▶ **EXERCISE DATA**
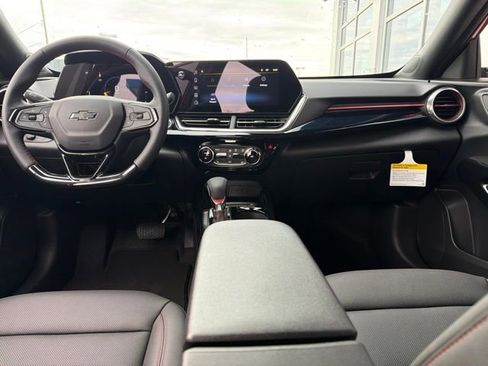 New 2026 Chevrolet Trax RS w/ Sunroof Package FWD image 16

---

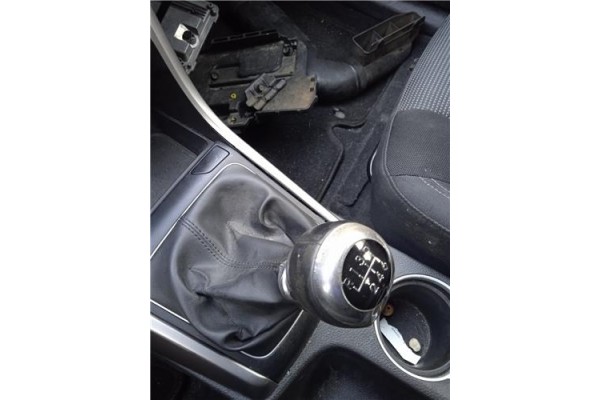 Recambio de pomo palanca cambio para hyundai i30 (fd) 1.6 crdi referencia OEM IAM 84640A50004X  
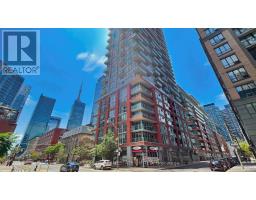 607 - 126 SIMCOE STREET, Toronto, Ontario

...

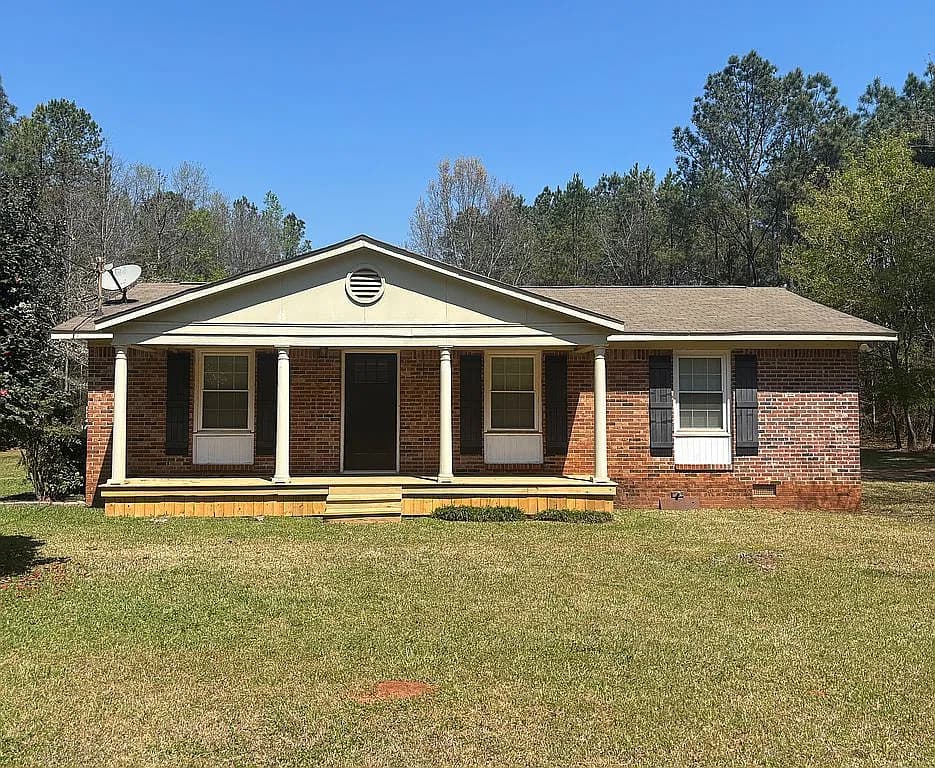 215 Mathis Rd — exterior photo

▶ **PROMPT**
Copy only this from above: the line containing "Recambio de pomo", the line containing "607 - 126 SIMCOE STREET, Toronto, Ontario", and all lines between, printed exactly. Leave out the pictures.

▶ **TASK RESULT**
 Recambio de pomo palanca cambio para hyundai i30 (fd) 1.6 crdi referencia OEM IAM 84640A50004X  
 607 - 126 SIMCOE STREET, Toronto, Ontario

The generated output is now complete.